Help with very tough Number Properties problem.

[jeremy8]

K is a set of numbers such that

(i) if x is in K, then -x is in K, and
(ii) if each of x and y is in K, then xy is in K.

Is 12 in K?

1) 2 is in K
2) 3 is in K

OA C

I don't really understand what x and y stand for in this problem. The official guide's explanation (this is DS#70 from Quant Review 12th ed.) doesn't make any sense to me.
To me, 2 is in K stands for x is in K, and therefore, -2 is in K as well according to (i). That's it.
2) tells us that 3, and therefore -3 is in K. I assume 3 stands for y, so 1) and 2) together means that 2;-2;3;-3; and 6 (xy) are in K, end of story. So it's C. Both 1) and 2) are enough to say that 12 is NOT in K

However, the OG's explanation is that 12 is indeed in K. They assume from 1) that K could be the set of all real numbers or the set {..., -16, -8. -4, -2, 2, 4, 8, 16, ...}
I have no idea how they assume this from (i) and (ii). This makes no sense at all to me, please help!

[Brian@VeritasPrep]

Hey Jeremy,

Thanks for posting - I love this problem for many of the reasons that you mentioned. x and y seem fairly ambiguous, which is where the difficulty comes from, but once you catch this concept you should be able to apply it widely:

x just means "any number" - it's a variable. The same thing goes for y - it can mean any number.

statement i tells us that, for any number in this set, its negative is also in the set. If we combine i with statement 1, we'd see that:

2 is in K, which also means that its negative is in K, so the set includes (but is not limited to) 2 and -2.


statement ii tells us that, for any two numbers in this set, their product is also in the set. In other words, take any two numbers in this set and multiply them together, and that number is in the set. Combining these facts with statement 1 tells us that, if 2 is in the set, then we know that -2 is in the set (from that first point, i), which means that -4 is in the set, 8 is in the set, 16 is in the set, and so on.

Moving forward, though, statement 1 does not give us a multiple of 3, so we don't know whether 12 is in the set. Same for statement 2, which says that 3 is in the set (so therefore -3, -9, 27, etc.), but we don't have a multiple of 2.

Take them together, however, and we know that 2 and 3 are in the set, which means:

by virtue of i), -2 and -3 are in the set.
by virtue of ii), then 2*3 = 6 is in the set, and if 6 is in the set then 2*6 is in the set, so 12 is, indeed, in set K.

What's probably most important here is knowing that x and y don't represent specific variables - they're there to show that these rules (i) negatives and ii) products) hold for any number in the set.

I hope that helps...

[sk818020]

First you should break down 12 into it's prime factors to see what sort of base numbers you will need to work with.

12=(2^2)(3).

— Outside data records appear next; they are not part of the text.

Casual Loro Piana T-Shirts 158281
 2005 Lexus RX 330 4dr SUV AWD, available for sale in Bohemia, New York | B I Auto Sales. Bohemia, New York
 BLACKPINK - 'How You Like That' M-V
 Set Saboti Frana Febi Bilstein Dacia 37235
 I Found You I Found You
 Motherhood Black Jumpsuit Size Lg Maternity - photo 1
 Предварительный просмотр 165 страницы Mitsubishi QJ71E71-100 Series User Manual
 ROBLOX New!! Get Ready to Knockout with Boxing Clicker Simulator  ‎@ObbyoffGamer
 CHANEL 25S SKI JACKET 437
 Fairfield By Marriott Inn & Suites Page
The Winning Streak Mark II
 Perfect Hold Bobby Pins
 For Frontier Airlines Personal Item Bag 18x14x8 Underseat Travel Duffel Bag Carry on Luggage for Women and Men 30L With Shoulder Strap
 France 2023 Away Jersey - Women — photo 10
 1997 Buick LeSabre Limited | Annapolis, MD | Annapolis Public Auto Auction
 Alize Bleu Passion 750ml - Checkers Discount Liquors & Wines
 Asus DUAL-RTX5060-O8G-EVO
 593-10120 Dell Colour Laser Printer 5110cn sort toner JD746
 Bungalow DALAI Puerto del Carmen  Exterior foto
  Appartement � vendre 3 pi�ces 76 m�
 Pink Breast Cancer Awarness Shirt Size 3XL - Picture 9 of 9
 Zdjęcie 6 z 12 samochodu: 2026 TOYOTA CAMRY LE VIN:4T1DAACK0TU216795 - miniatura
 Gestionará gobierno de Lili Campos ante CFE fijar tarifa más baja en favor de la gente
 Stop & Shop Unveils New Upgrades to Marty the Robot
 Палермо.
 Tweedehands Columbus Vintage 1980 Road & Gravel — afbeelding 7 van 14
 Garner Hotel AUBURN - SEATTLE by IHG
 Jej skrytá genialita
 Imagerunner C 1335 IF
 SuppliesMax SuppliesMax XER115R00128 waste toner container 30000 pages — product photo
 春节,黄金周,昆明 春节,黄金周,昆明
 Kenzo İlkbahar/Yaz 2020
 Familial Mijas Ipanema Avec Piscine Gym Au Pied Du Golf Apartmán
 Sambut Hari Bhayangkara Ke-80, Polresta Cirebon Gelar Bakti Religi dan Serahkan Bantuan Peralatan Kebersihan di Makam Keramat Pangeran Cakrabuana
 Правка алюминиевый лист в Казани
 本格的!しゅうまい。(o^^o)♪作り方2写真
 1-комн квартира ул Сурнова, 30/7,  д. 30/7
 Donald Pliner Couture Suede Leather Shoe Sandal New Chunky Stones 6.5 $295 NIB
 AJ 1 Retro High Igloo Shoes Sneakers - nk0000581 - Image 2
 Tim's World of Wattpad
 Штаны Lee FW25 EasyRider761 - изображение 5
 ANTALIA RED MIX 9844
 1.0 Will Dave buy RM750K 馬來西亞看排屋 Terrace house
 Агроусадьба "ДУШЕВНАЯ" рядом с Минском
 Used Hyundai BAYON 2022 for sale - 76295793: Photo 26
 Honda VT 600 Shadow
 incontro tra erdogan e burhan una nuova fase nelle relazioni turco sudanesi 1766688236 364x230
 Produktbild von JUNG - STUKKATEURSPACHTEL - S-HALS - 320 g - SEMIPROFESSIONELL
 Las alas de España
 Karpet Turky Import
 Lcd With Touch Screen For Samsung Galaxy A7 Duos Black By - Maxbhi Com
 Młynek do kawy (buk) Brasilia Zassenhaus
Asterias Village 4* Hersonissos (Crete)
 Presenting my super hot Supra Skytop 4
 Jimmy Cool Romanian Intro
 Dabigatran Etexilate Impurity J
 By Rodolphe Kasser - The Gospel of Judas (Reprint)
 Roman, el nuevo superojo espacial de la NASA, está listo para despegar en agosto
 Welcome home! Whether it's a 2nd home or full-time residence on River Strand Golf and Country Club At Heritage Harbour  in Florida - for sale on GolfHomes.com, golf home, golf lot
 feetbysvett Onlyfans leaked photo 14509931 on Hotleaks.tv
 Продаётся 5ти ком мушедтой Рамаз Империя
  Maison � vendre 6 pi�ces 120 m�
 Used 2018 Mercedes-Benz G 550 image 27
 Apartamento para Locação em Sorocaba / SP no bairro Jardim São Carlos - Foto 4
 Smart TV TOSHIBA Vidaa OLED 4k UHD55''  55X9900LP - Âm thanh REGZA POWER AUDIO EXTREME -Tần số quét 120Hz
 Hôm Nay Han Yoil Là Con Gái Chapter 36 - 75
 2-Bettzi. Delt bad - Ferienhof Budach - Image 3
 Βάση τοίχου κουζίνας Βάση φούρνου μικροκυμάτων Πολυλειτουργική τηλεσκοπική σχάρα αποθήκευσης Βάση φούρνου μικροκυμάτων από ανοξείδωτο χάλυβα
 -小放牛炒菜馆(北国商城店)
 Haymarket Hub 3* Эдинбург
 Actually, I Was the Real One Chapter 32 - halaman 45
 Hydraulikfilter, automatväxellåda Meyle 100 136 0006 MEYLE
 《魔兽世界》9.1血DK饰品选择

From the rules, if 12 is going to be in set K, it will need at least one 2 and one 3. Because with that you will also have -2 and -3. Thus, 2*-2*-3=12 or if 2 is in the set then -2 will be in the set and so will -4 (2*-2) and if you have a 3 you will also have -3 and -4*-3=12.

Lets look at the answers.


1) 2 is in K.

If 2 is in K, then by (i) -2 is in K. If both 2 and -2 are in K, then by rule (ii) -4 must be in K also (2*-2=-4). If -4 is in K then, 4 (i) is in K. You can also conclude that any multiple of 2, -2, 4 and -4 must also be in K. 1) only tells us that multiples of two are in the set.

There is no mention of a 3 so we can rule this out. Insufficient.

2) 3 is in K.

From this we can conclude that -3 is in the set from rule (i), -9 by rule (iI), 9 by rule (i)... and so on.

This does not give us any indication of a 2 being in the set, so 2) is insufficient.

You combine them and you know that there is a 2 and a 3 in the set and by the reasoning at the beginning of the explanation, you will have have 12 in the set.

C.

Hope this helps.

Thanks ,

Jared

[jeremy8]

Brian, Jared,

Thanks a lot for your answers.

I was definitely confused about the "language" of the problem and what I could legitimately assume from the statements, but it's much clearer now and it finally makes sense.